▶ _Available data_:
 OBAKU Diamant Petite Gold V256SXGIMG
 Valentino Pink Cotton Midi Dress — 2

...

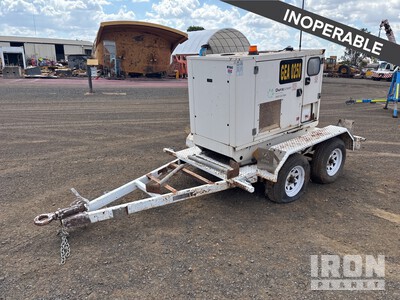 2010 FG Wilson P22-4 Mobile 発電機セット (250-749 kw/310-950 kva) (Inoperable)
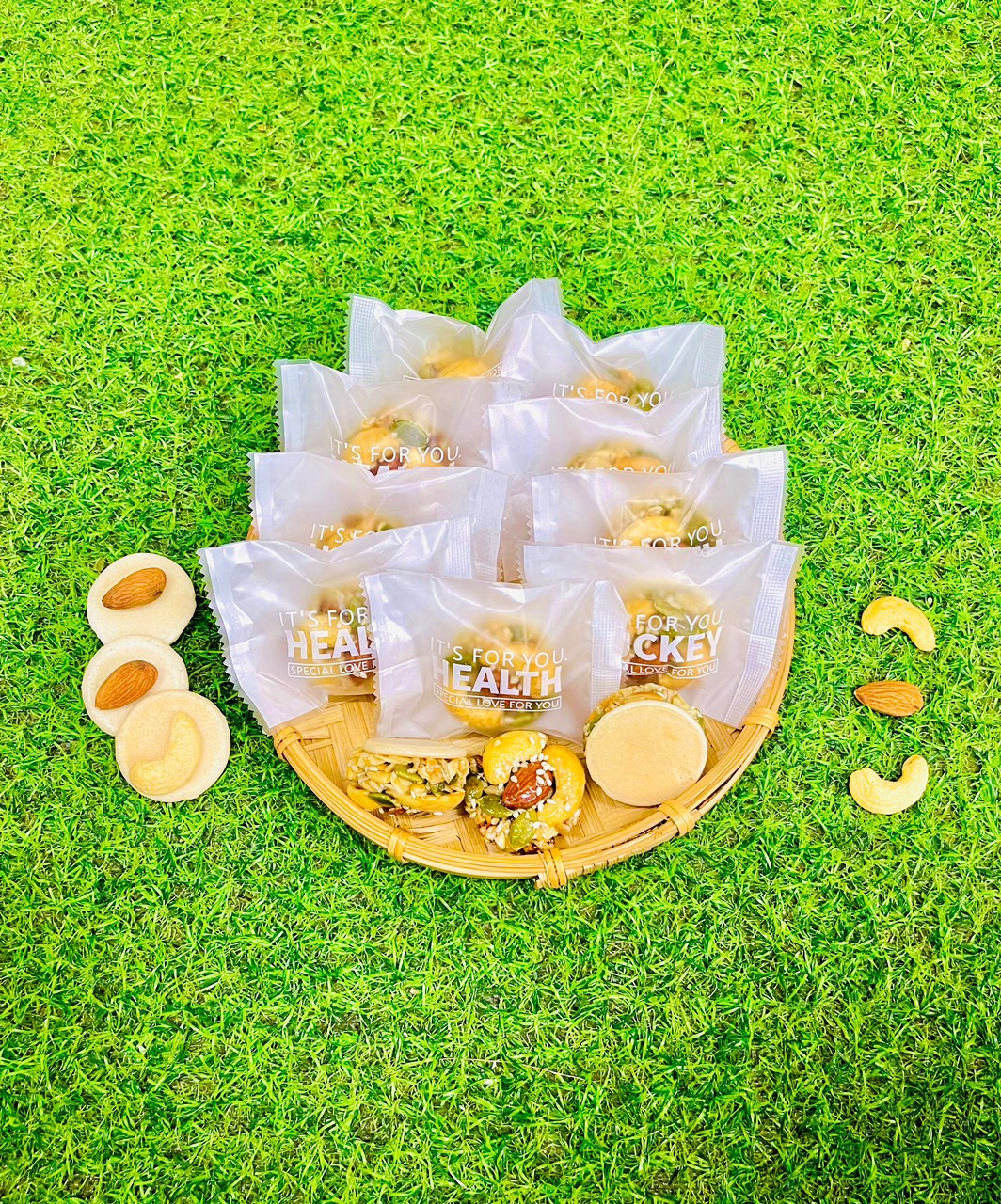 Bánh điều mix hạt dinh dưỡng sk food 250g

▶ _What you need to do_:
Take the material above from the line containing "2010 FG Wilson" up to and including the line containing "Bánh điều mix hạt dinh dưỡng sk food 250g" and retype it exactly, without any pictures.

▶ _Written response_:
 2010 FG Wilson P22-4 Mobile 発電機セット (250-749 kw/310-950 kva) (Inoperable)
 Bánh điều mix hạt dinh dưỡng sk food 250g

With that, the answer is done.